Le commerce bilatéral de biens entre la Nouvelle-Zélande et l'UE représentait environ 8 milliards d'euros en 2021. L'UE constitue le troisième partenaire commercial des Néo-Zélandais, lesquels exportent vins, fruits et viande vers l'Europe. Le traité pourrait, selon Wellington, augmenter la valeur des exportations néo-zélandaises vers l'UE d'environ 1,8 milliard de dollars néo-zélandais (1,08 milliard d'euros) par an d'ici 2035, en particulier dans l'agriculture : les kiwis néo-zélandais étaient ainsi jusqu'ici frappés de droits de douane prohibitifs de 8%.

Inversement, les exportations de l'UE vers l'archipel du Pacifique, quasi-entièrement exemptes de droits de douane, pourraient augmenter jusqu'à 4,5 milliards d'euros par an, et les investissements européens y gonfler de 80%, via l'accès accru aux secteurs de la finance, des télécommunication ou du transport maritime.

"Contrôle robuste"

Le texte contient un chapitre dédié au "développement durable", inédit dans un accord commercial européen. "L'accord intègre des résultats très ambitieux dans les parties liées à l'Accord de Paris, à l'action climatique, aux droits du travail, aux subventions à la pêche néfastes (pour l'environnement)", a déclaré le ministre néo-zélandais du Commerce Damien O'Connor. Pour son homologue Valdis Dombrovskis, vice-président de la Commission européenne, cet "accord commercial de pointe" est centré sur "des valeurs partagées, avec la durabilité comme principe cardinal".

Pour autant, en France, l'Interbev (interprofessionnelle du bétail et des viandes) et le Cniel (interprofession laitière) s'alarment de "l'arrivée de plusieurs milliers de tonnes de produits laitiers, viandes ovines et bovines depuis l'autre bout du monde, sans exigence de respect de nos normes de production". Ils citent des pesticides interdits dans l'UE mais toujours librement utilisés selon eux en Nouvelle-Zélande.

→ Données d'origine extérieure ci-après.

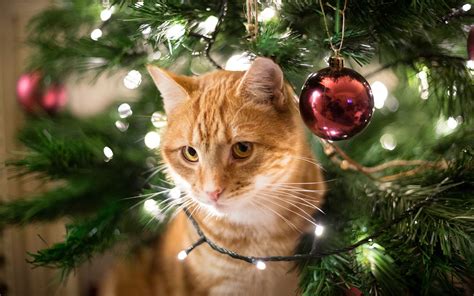 These Cat Christmas Trees Will Keep Your Pet (and Tree) Safe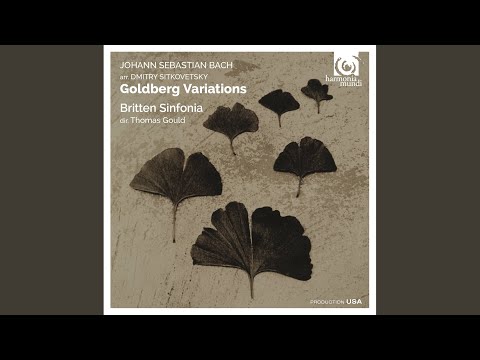 Goldberg Variations: Variation 29
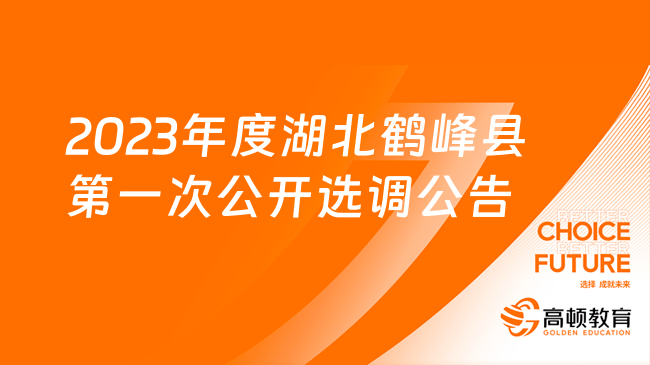 2023年度湖北鶴峰縣第一次公開選調(diào)公告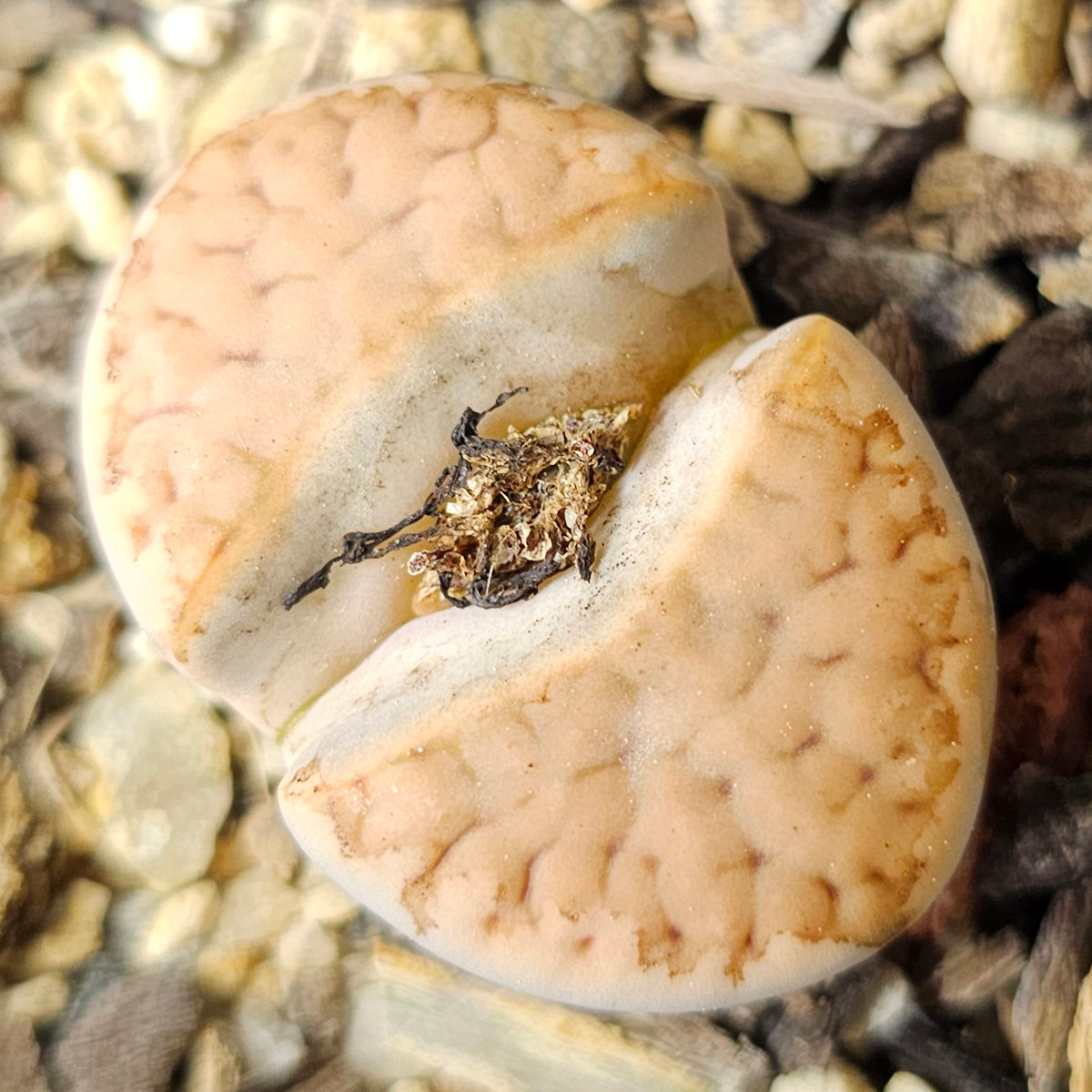 Lithops Bundle (D) - 4 Plants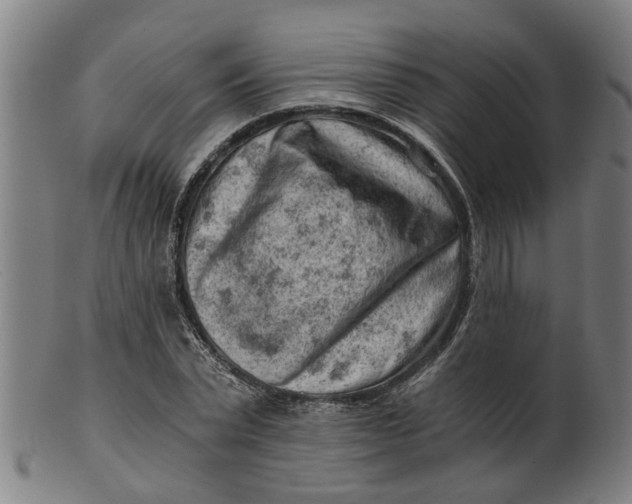 X0000101650783200807241354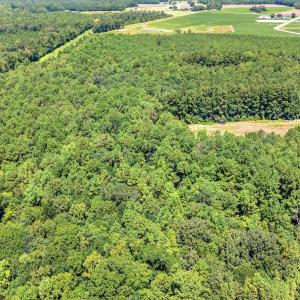 Drone / aerial view of a heavily wooded area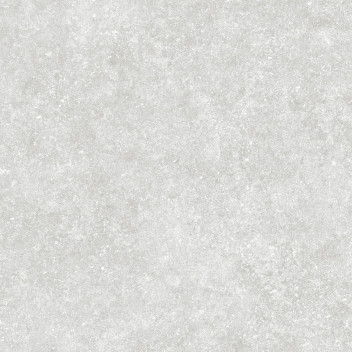 Porcelain Exterior Tile - Blue Stone Coin - 600X600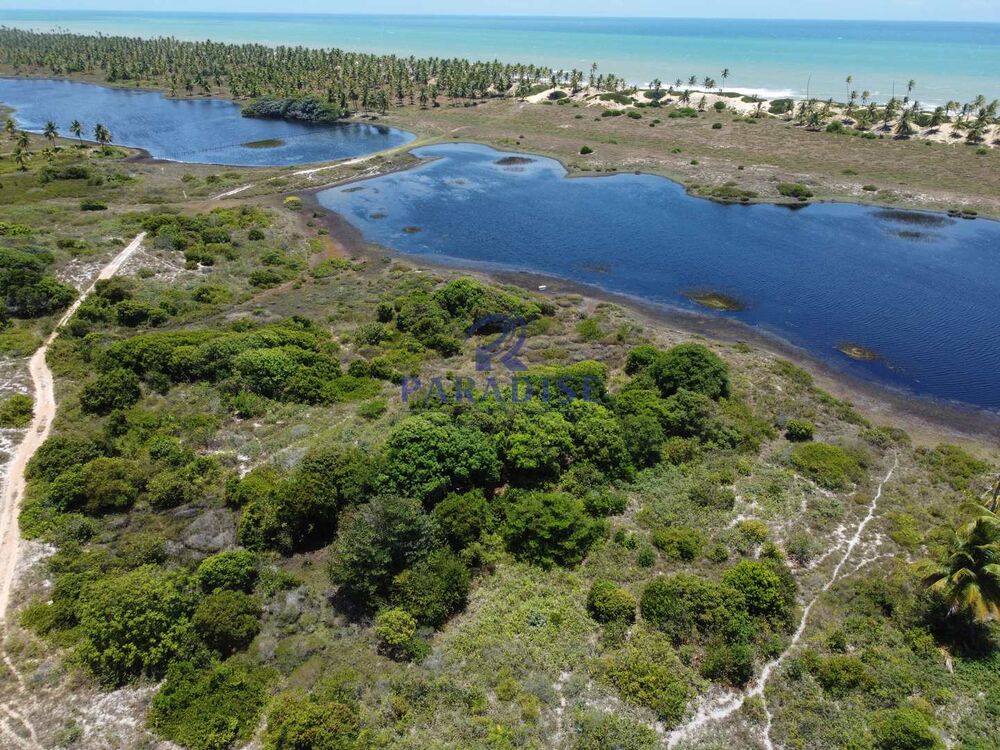 Terreno, 16 hectares - Foto 8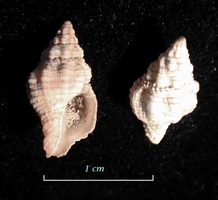 Peristernia chlorostoma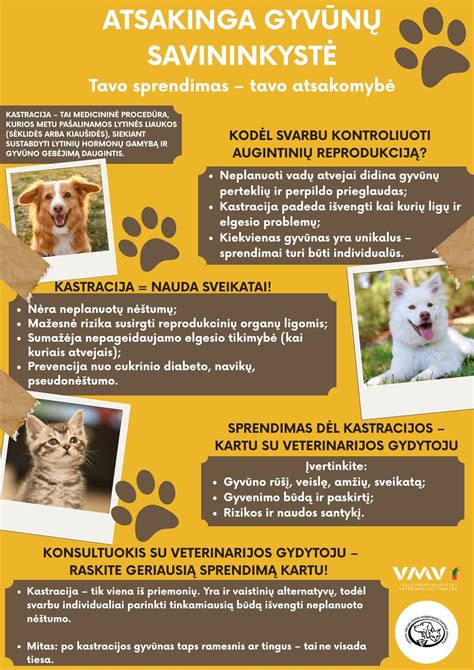 Gyvūnų globa Rokiškyje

Bruxelles s'efforce de rassurer : "Tous les aliments importés doivent être conformes aux normes de l'UE, qui s'appliquent à tous les produits vendus dans l'UE", indique la Commission, promettant "un système de contrôle robuste". De même, pour certains produits agricoles "sensibles" (certains produits laitiers, viande bovine et ovine, éthanol...), les importations de Nouvelle-Zélande sans droit de douane "ne seront autorisées qu'en quantités limitées". Enfin, les agriculteurs européens se verront ouvrir plus grand le marché néo-zélandais, avec des barrières douanières supprimées pour la viande porcine, le vin, les biscuits, etc.

"Signaux géopolitiques"

L'organisation patronale européenne BusinessEurope a applaudi "la reprise bienvenue d'un programme commercial ambitieux de l'UE". Alors que la conclusion de traités de libre-échange tous azimuts a longtemps été sa priorité, l'UE avait opté ces dernières années pour une politique commerciale plus défensive, confrontée au virage protectionniste des États-Unis sous l'administration Trump, au manque d'ouverture de la Chine et à la pandémie.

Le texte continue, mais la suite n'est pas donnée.